### THE PROBLEM
I would like the lines below, from the one with "Agile Produktentwicklung im Web 2.0" through the one with "Sloth SVG | Funny Quotes SVG SVG Fly Design", copied exactly and without any pictures.

-------- DATA EXCERPTS --------

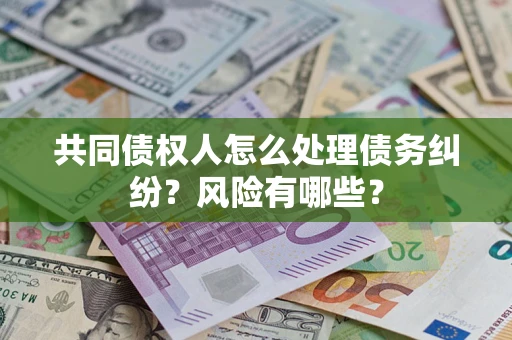 北京共同债权人怎么处理债务纠纷？风险有哪些？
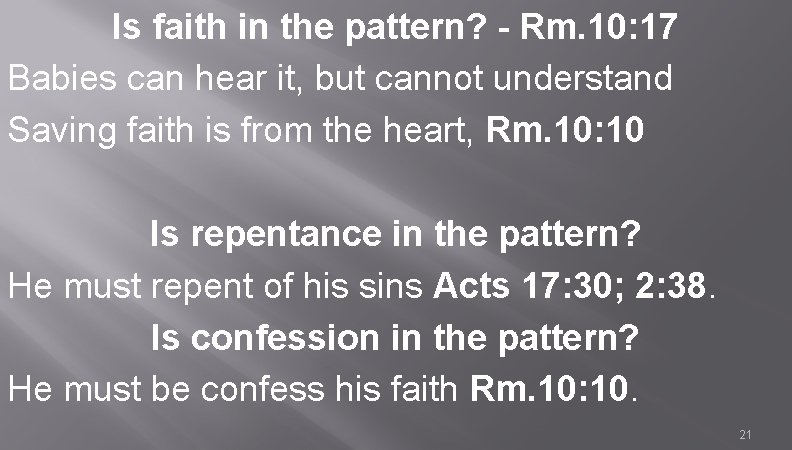 Is faith in the pattern? - Rm. 10: 17 Babies can hear it, but
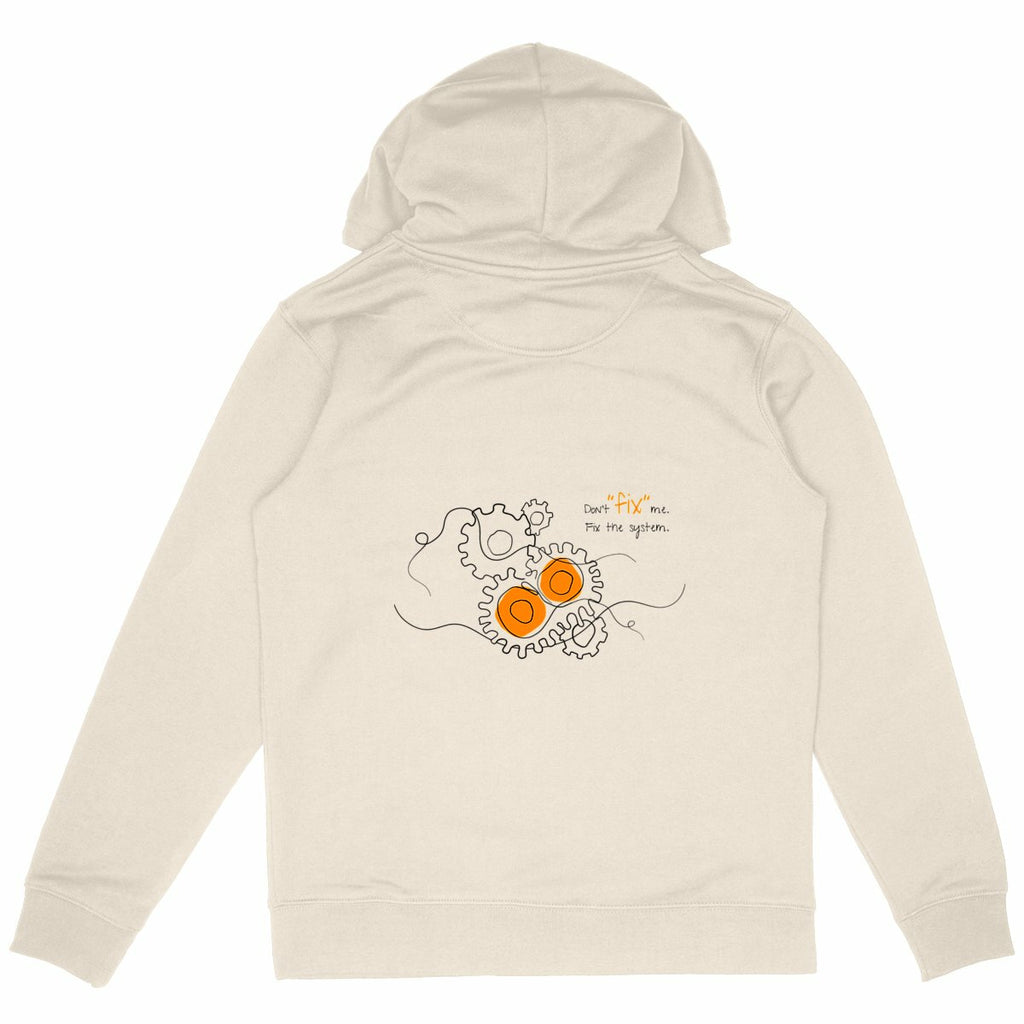 No Shit Shirts - Hoodie (Backprint): Don’t “fix” me. Fix the system. - Hoodies - basic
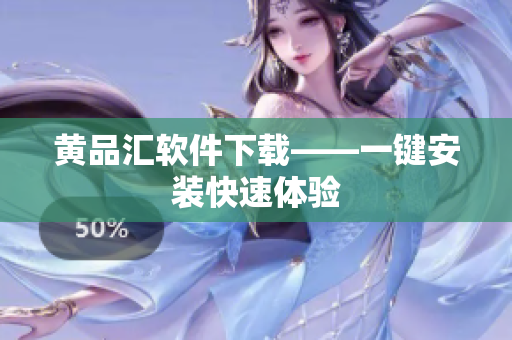 黄品汇软件下载——一键安装快速体验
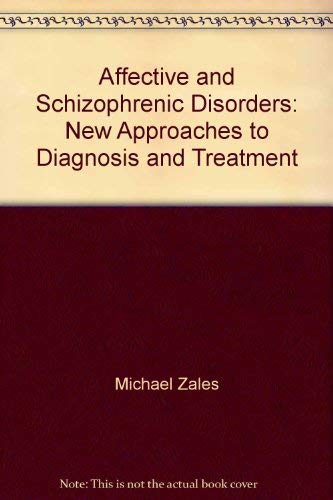 9780876303245: Title: Affective and schizophrenic disorders New approach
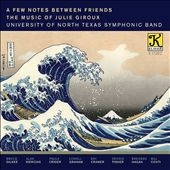 A Few Notes Between Friends - The Music of Julie Giroux A Few Notes Between Friends - The Music of Julie Giroux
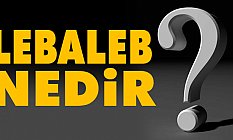 Lebaleb Nedir ne değildir? Lebaleb Türkçe mi?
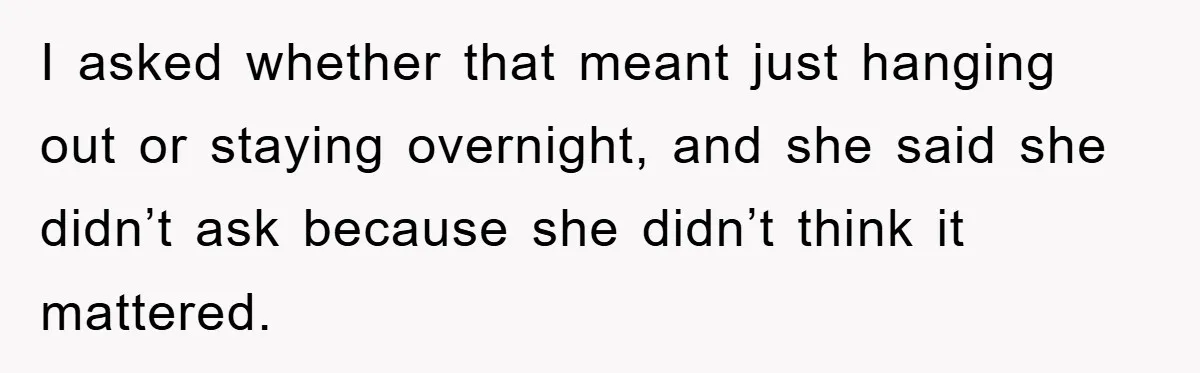 I asked whether that meant just hanging out or staying overnight, and she said she didn’t ask because she didn’t think it mattered.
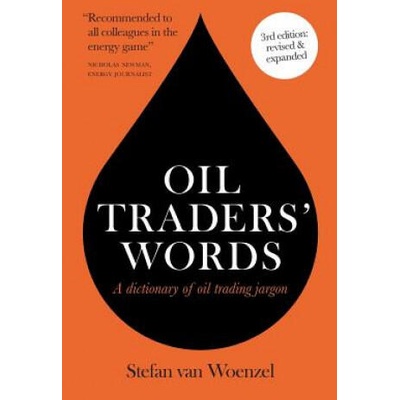 Oil Traders' Words | Stefan van Woenzel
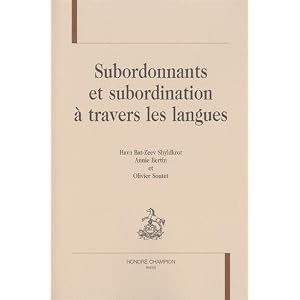 SUBORDONNANTS ET SUBORDINATION À TRAVERS LES LANGUES.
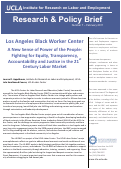 Cover page: Los Angeles Black Worker Center - A New Sense of Power of the People: Fighting for Equity, Transparency, Accountability and Justice in the 21st Century Labor Market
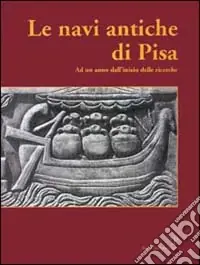 Ultimissimo Modello Le navi antiche di Pisa. Ad un anno dall‘inizio delle ricerche. Catalogo della mostra (Firenze, 2000)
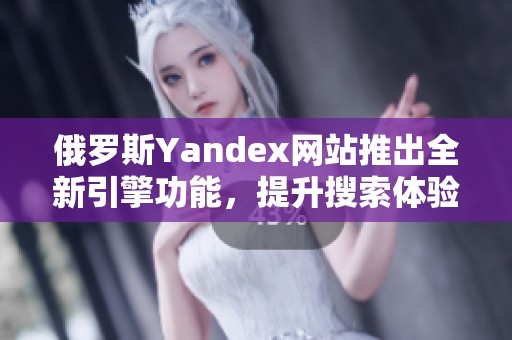 俄罗斯Yandex网站推出全新引擎功能，提升搜索体验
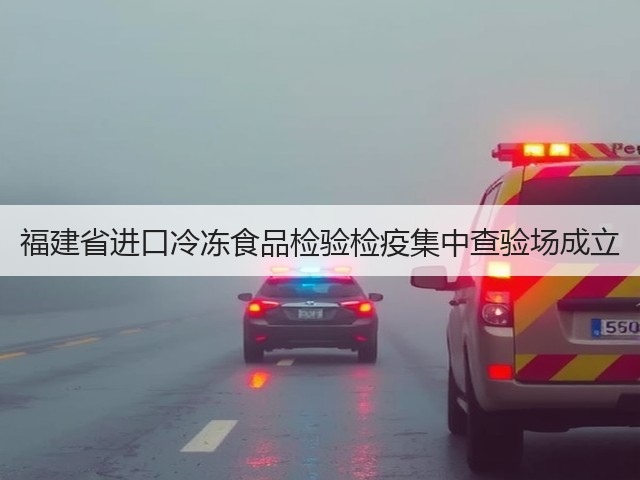 福建省进口冷冻食品检验检疫集中查验场成立(图2) 福建省进口冷冻食品检验检疫集中查验场成立(图2)
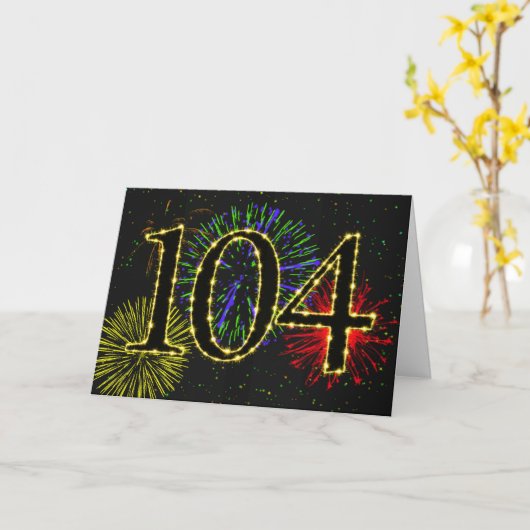 Carte anniversaire 104e avec feu d'artifice (Fleur jaune)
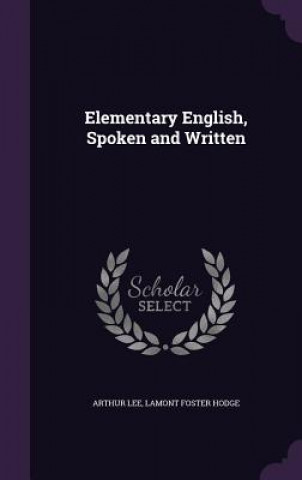 Kniha ELEMENTARY ENGLISH, SPOKEN AND WRITTEN ARTHUR LEE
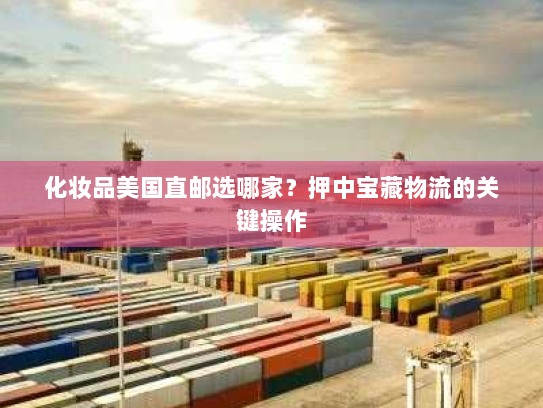 化妆品美国直邮选哪家?押中宝藏物流的关键操作 化妆品美国直邮选哪家?押中宝藏物流的关键操作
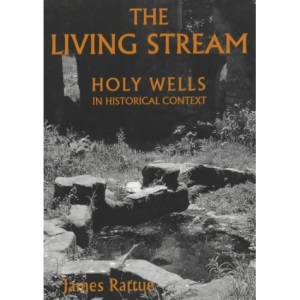 The Living Stream: Holy Wells in Historical Context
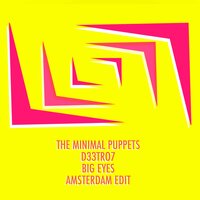 Big Eyes - The Minimal Puppets & D33tro7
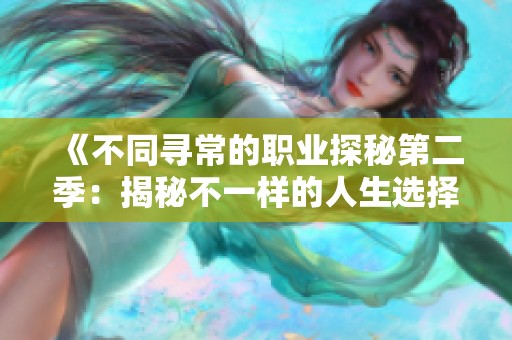 《不同寻常的职业探秘第二季：揭秘不一样的人生选择》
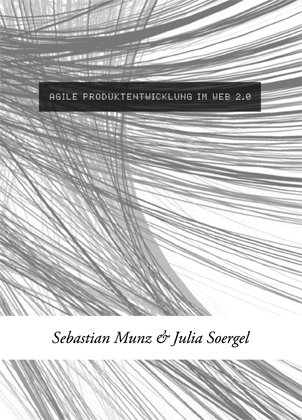 Agile Produktentwicklung im Web 2.0
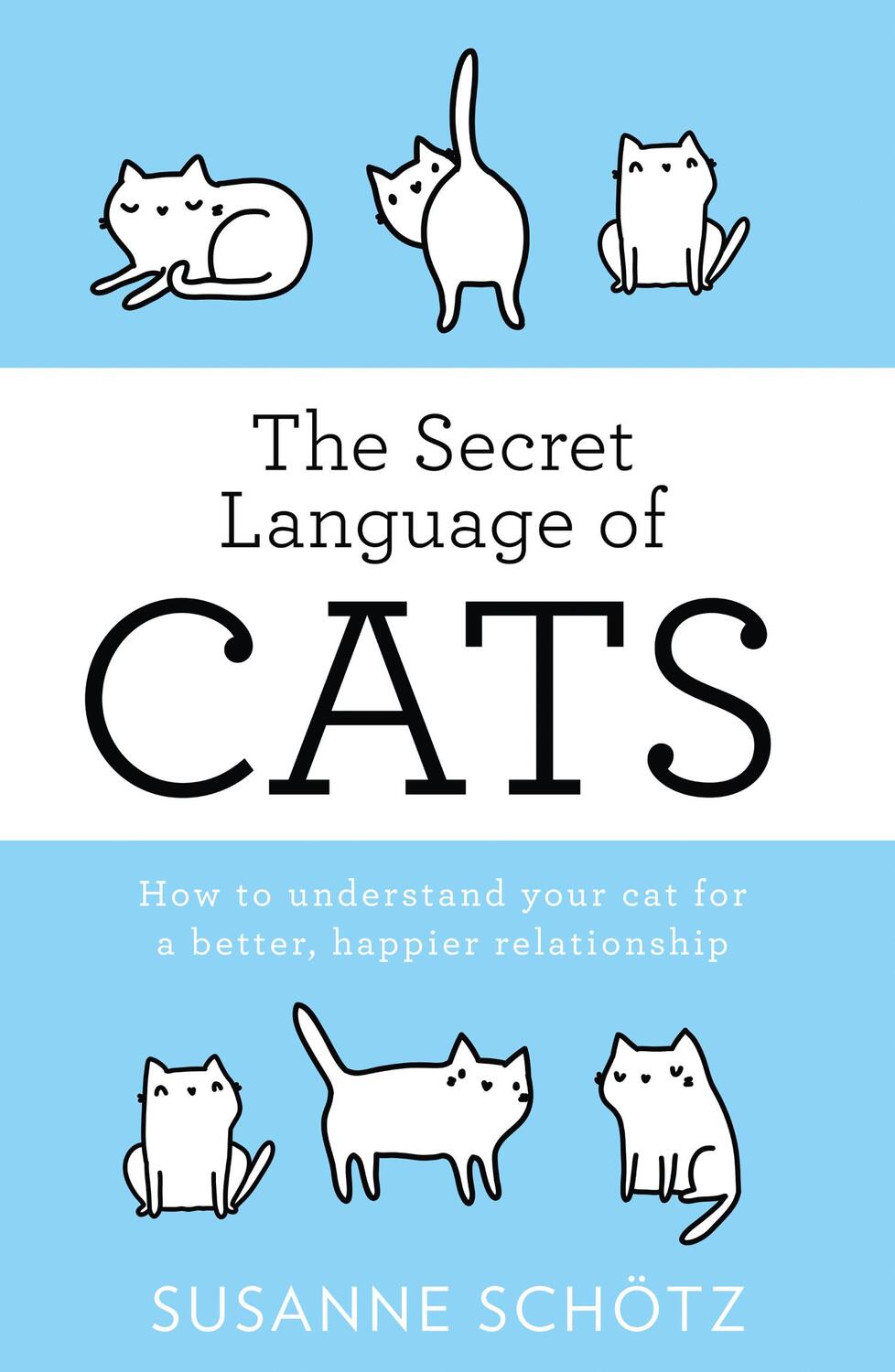 Cover: 9780263267518 | The Secret Language Of Cats | Peter Kuras (u. a.) | Taschenbuch | 2018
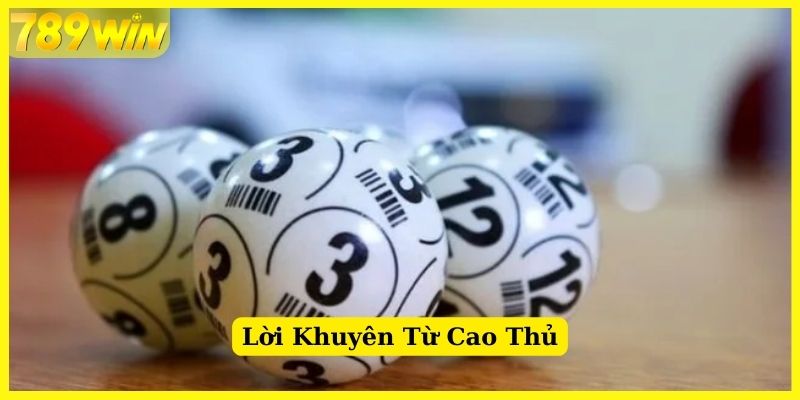 Lời khuyên từ các chuyên gia khi chơi lô bạch thủ 789Win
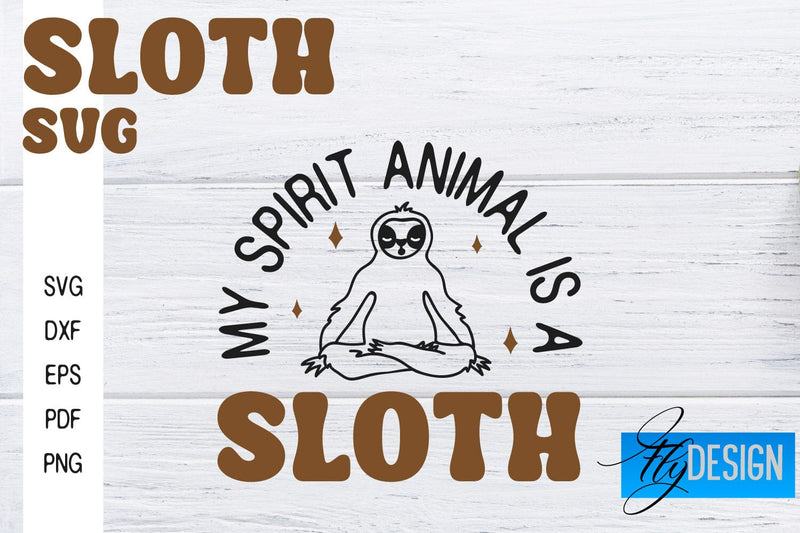 Sloth SVG | Funny Quotes SVG SVG Fly Design 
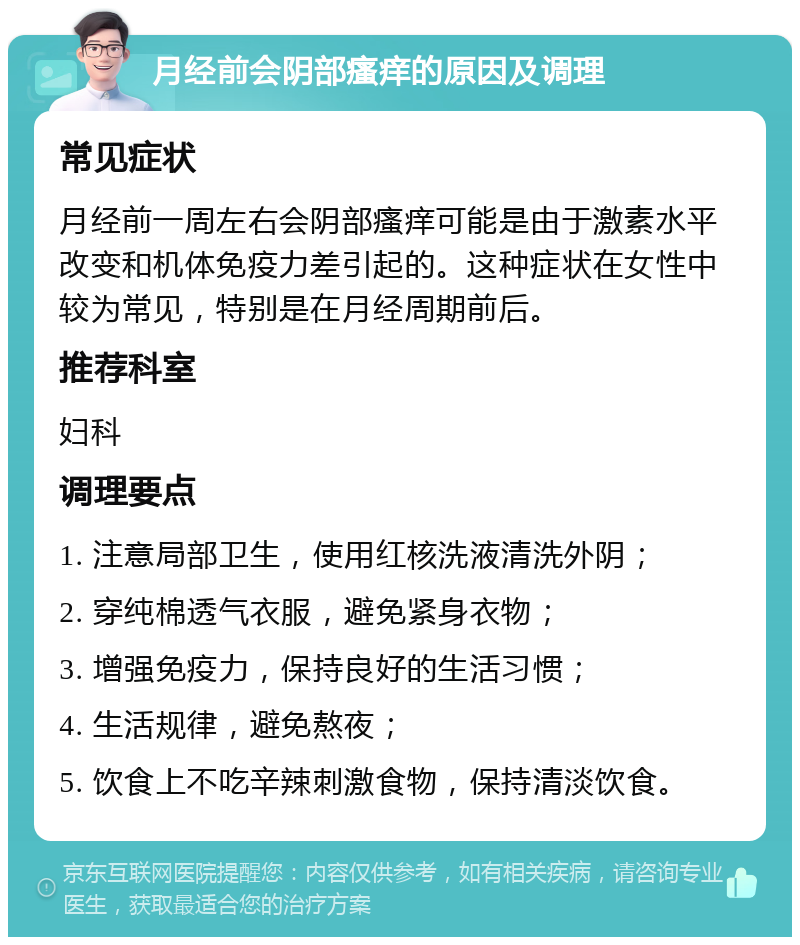 月经前会阴部瘙痒的原因及调理 常见症状 月经前一周左右会阴部瘙痒可能是由于激素水平改变和机体免疫力差引起的。这种症状在女性中较为常见，特别是在月经周期前后。 推荐科室 妇科 调理要点 1. 注意局部卫生，使用红核洗液清洗外阴； 2. 穿纯棉透气衣服，避免紧身衣物； 3. 增强免疫力，保持良好的生活习惯； 4. 生活规律，避免熬夜； 5. 饮食上不吃辛辣刺激食物，保持清淡饮食。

--------

### SOLUTION TO THIS TASK
 Agile Produktentwicklung im Web 2.0
 Cover: 9780263267518 | The Secret Language Of Cats | Peter Kuras (u. a.) | Taschenbuch | 2018
 Lời khuyên từ các chuyên gia khi chơi lô bạch thủ 789Win
 Sloth SVG | Funny Quotes SVG SVG Fly Design 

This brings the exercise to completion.